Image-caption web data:
BEGIN
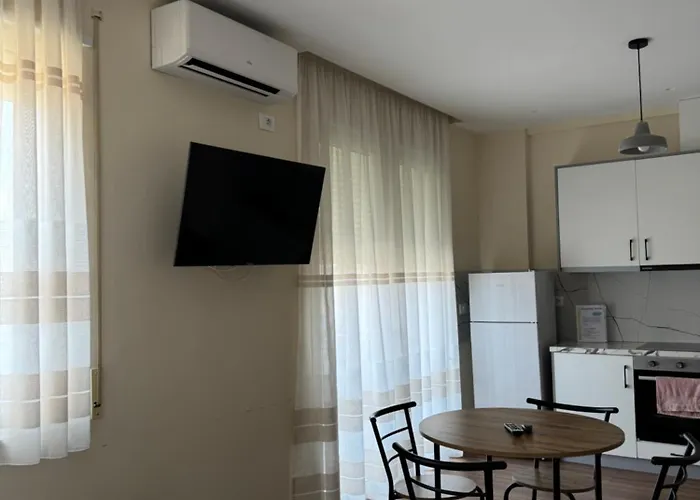 Vers Apartman Tirana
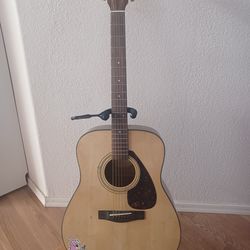 Acoustic Guitar, barely used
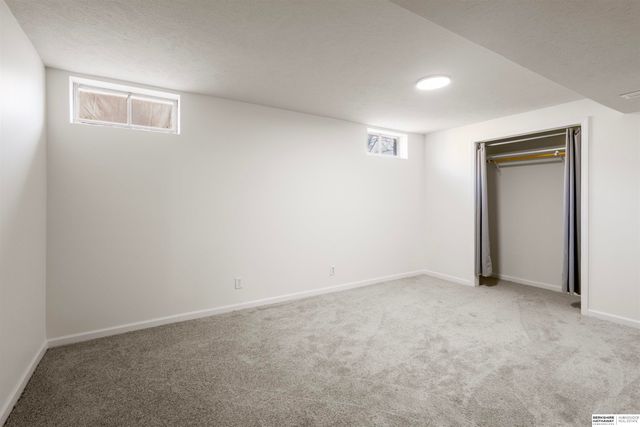 6614 Parkview Lane, Omaha, NE 68104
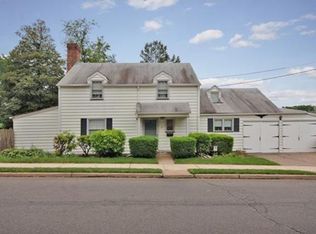 2 Sandford St, New Brunswick, NJ 08901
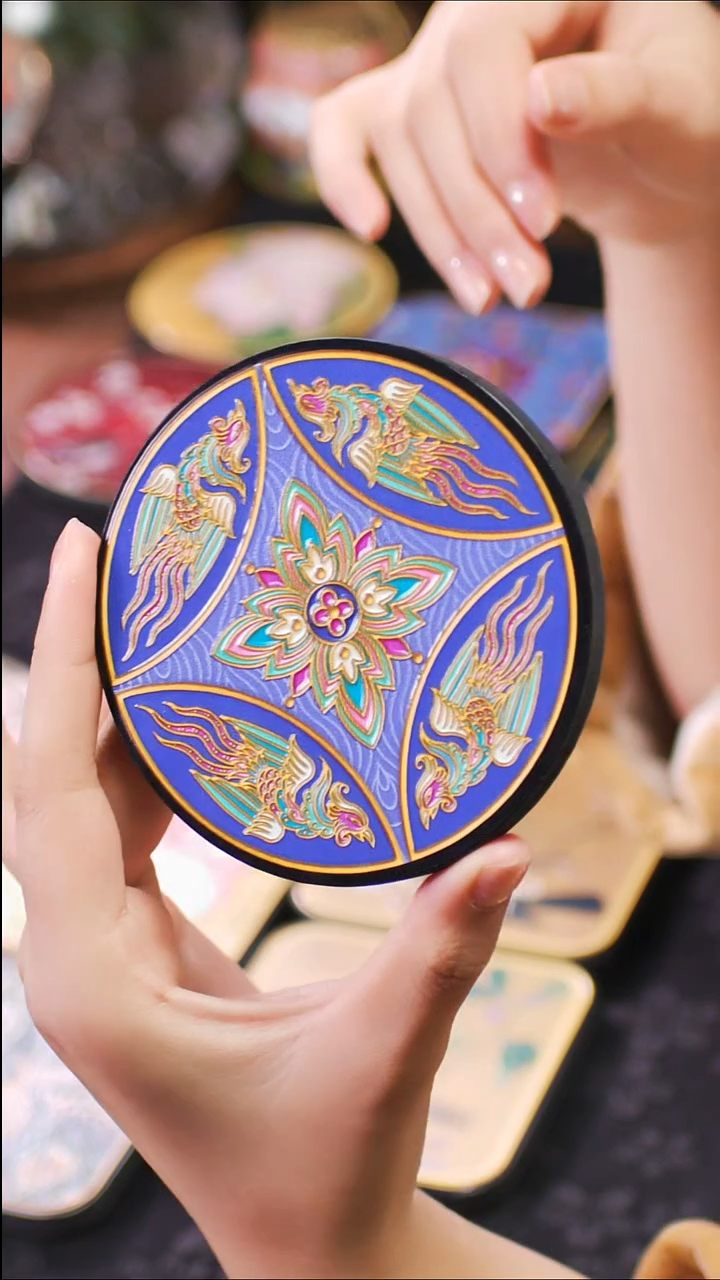 壹藏贰宝有凤来仪图案杯垫一片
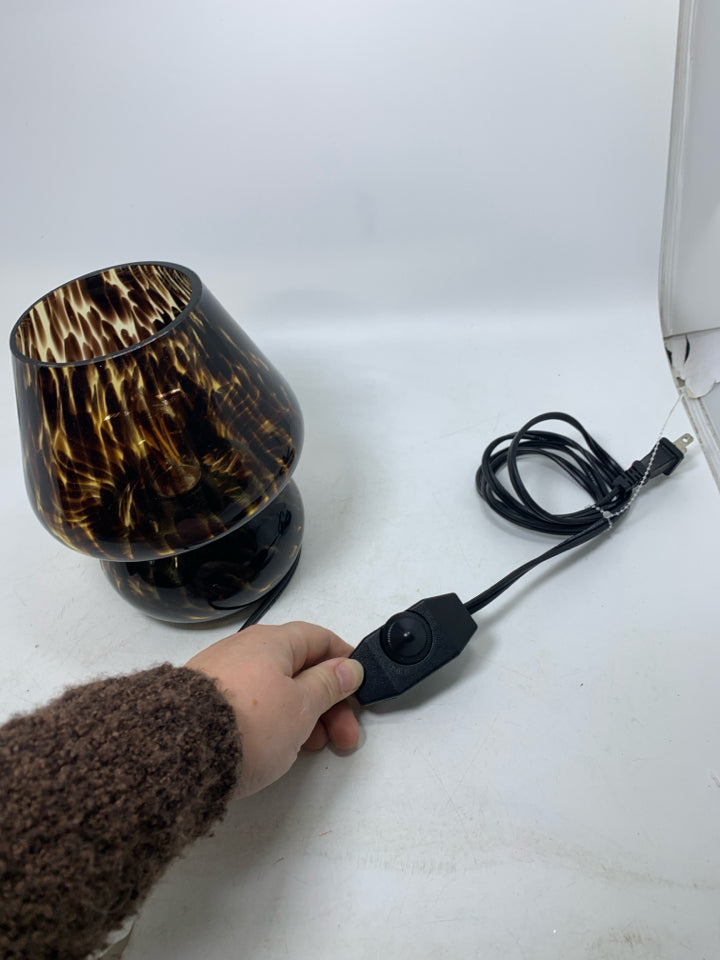 DARK BROWN SPECKLED GLASS LAMP.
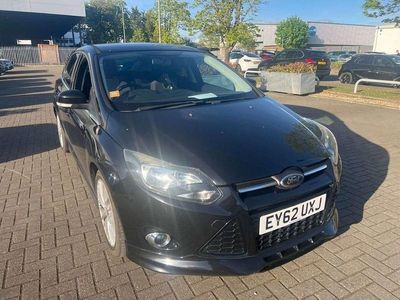 Begagnad Ford Focus Zetec 2012 Svart Halvkombi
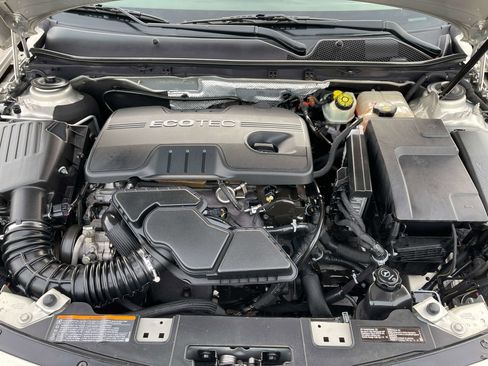 Used 2011 Buick Regal CXL w/ RL2 Preferred Equipment Group image 9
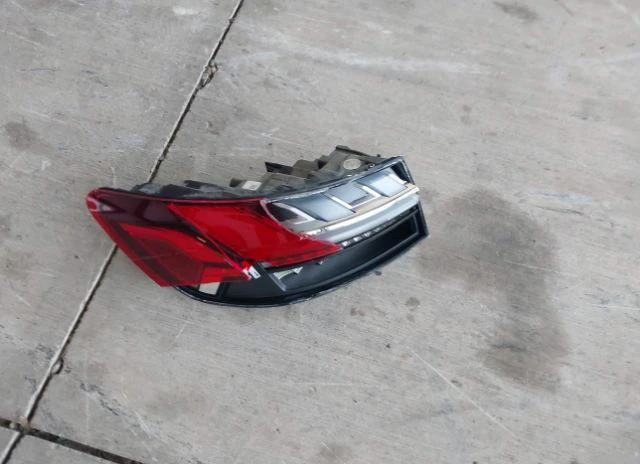 Audi A4 PREMIUM 40 TFSI S TRONI, снимка 12 - Автомобили и джипове - 53398830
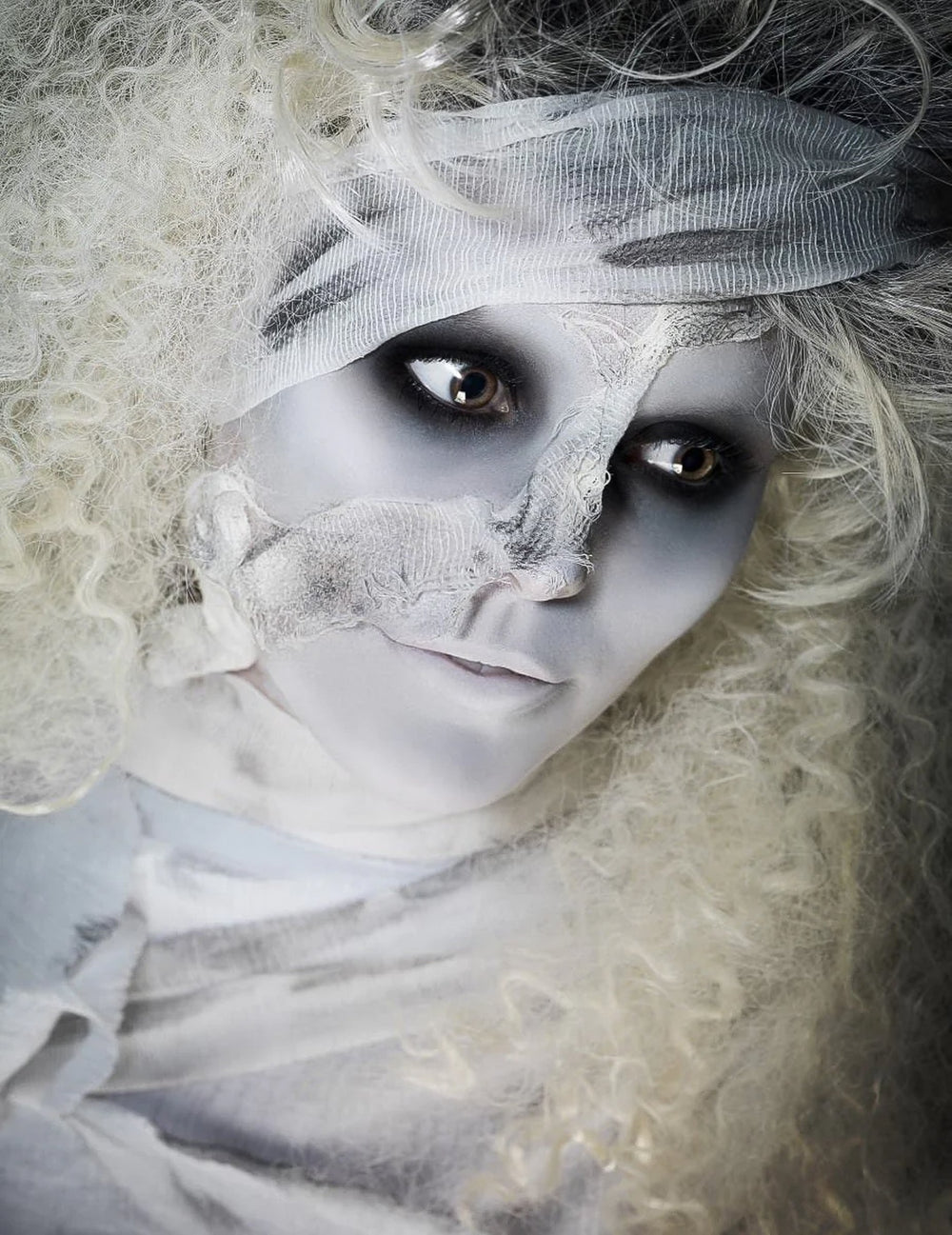 Kit maquillage momie pour adulte blanc et gris avec bandages Halloween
END
» WHAT YOU HAVE TO DO
Could you write out the records again exactly, without any of their pictures?

» ANSWER FOR THE TASK
 Vers Apartman Tirana
 Acoustic Guitar, barely used
 6614 Parkview Lane, Omaha, NE 68104
 2 Sandford St, New Brunswick, NJ 08901
 壹藏贰宝有凤来仪图案杯垫一片
 DARK BROWN SPECKLED GLASS LAMP.
 Begagnad Ford Focus Zetec 2012 Svart Halvkombi
 Used 2011 Buick Regal CXL w/ RL2 Preferred Equipment Group image 9
 Audi A4 PREMIUM 40 TFSI S TRONI, снимка 12 - Автомобили и джипове - 53398830
 Kit maquillage momie pour adulte blanc et gris avec bandages Halloween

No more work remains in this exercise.